• Material supplied

=== Section Start ===

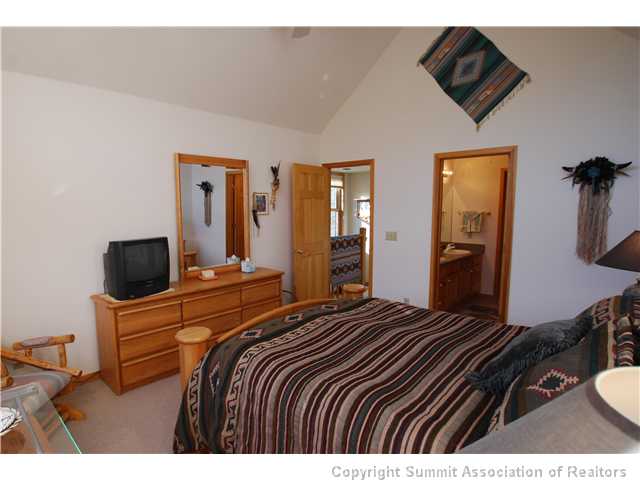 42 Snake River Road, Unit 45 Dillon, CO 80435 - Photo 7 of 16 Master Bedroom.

=== Section End ===
=== Section Start ===

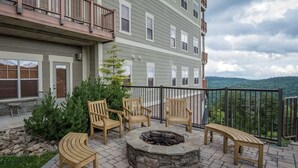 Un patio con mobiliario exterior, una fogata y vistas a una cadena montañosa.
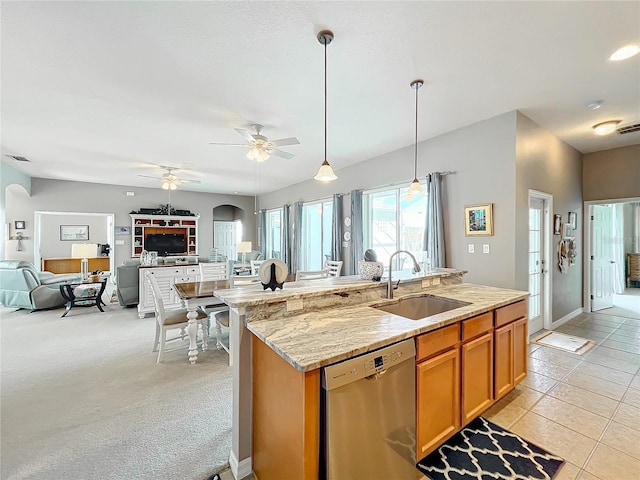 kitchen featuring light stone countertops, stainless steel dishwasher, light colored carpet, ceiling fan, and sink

=== Section End ===

• Your task
Using the records above, return word for word the lines that begin at the one containing "Un patio con" and end at the one containing "kitchen featuring light", both of them included and no pictures.

• Response
 Un patio con mobiliario exterior, una fogata y vistas a una cadena montañosa.
 kitchen featuring light stone countertops, stainless steel dishwasher, light colored carpet, ceiling fan, and sink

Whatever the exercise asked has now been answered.